Referendum rowerowe – i co dalej?
25 maja odbędzie się referendum lokalne „w istotnych sprawach dotyczących mieszkańców Krakowa”. Obok pytań o ZIO 2022, budowę metra, monitoring wizyjny, pojawi się również kwestia ścieżek rowerowych. Mieszkańcy będą mogli odpowiedzieć TAK lub NIE na pytanie „Czy zdaniem Pani/Pana w Krakowie powinno się budować więcej ścieżek rowerowych?”. Tymczasem my pytamy krakowskiego oficera rowerowego, Marcina Wójcika, co dobrego może z tego wyniknąć.
Czy referendum rowerowe ma szansę poprawić jakość infrastruktury rowerowej w Krakowie?
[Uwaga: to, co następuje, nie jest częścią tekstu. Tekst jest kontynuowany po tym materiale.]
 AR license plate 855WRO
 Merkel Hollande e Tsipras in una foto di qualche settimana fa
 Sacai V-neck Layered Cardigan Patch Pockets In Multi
Odpowiedź na TAK na rowerowe pytanie w referendum zaplanowanym na 25 maja 2014 przede wszystkim da krakowskim politykom jasny, jednoznaczny przekaz, że nakłady na inwestycje rowerowe powinny wzrosnąć, np. do poziomu 50 milionów złotych rocznie. Przy takim budżecie jesteśmy w stanie do roku 2020 wybudować wszystkie zaplanowane w Studium podstawowych tras rowerowych drogi rowerowe w Krakowie.
Jak Pan ocenia jakość krakowskich ścieżek rowerowych? Niektóre z nich to prowizorka, np. w mojej okolicy, przy ul. Dunin-Wąsowicza, ścieżka rowerowa to fragment wyboistego chodnika oddzielony linią od części przeznaczonej dla pieszych.
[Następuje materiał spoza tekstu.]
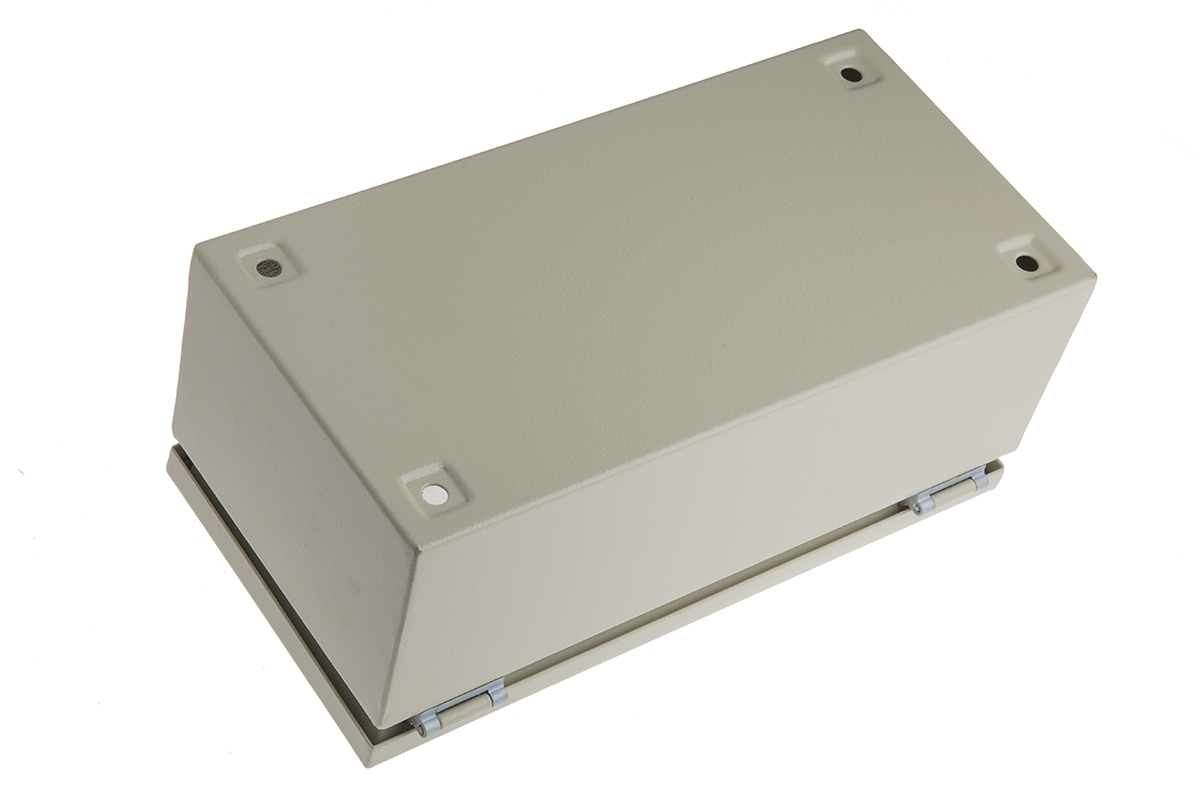 842-8493 RS PRO TBS Series Grey Steel Junction Box, IP65, 150 mm, 300mm 120 mm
Najstarsze fragmenty dróg rowerowych w Krakowie maja już blisko 20 lat, stąd czasem ich jakość może budzić pewne wątpliwości, ale nie jest ona rażąco gorsza od ogólnej jakości nawierzchni wszystkich krakowskich ulic. Proszę nie traktować tego jako wymówki ze strony zarządcy drogi, ale z inwentaryzacji wykonanej jesienią 2013 r. przez Sekcję rowerową ZIKiT wynika, że znakomita większość dróg rowerowych jest dobrej jakości. Przywołana przez Pana droga rowerowa w ul. Dunin-Wąsowicza nie istnieje od trzech lat. To chodnik jest kiepskiej jakości. W tym rejonie rowerzyści powinni poruszać w ruchu ogólnym po jezdni wraz z innymi pojazdami, jest to znacznie bezpieczniejsze, bo zapewnia wzajemną widoczność.
Gdyby miał Pan porównać dzielnice Krakowa pod kątem jakości infrastruktury rowerowej, która z nich wypada najlepiej, a która najgorzej?
Tak naprawdę najlepsza infrastruktura rowerowa jest w Dzielnicy 1. Stare Miasto, bo jest to tzw. niewidzialna infrastruktura. Ograniczenia ruchu samochodowego sprzyjają ruchowi rowerowemu, który zdaje się być największy właśnie w tej dzielnicy. Natomiast najwięcej dróg rowerowych jest w Nowej Hucie, która w tym roku, po wakacjach, zostanie połączona ze Śródmieściem ciągiem wzdłuż ul. Mogilskiej i al. Pokoju. Najtrudniejsza rowerowo sytuacja jest w południowych dzielnicach Krakowa, z których nie można na razie komfortowo, bezstresowo dojechać rowerem do centrum.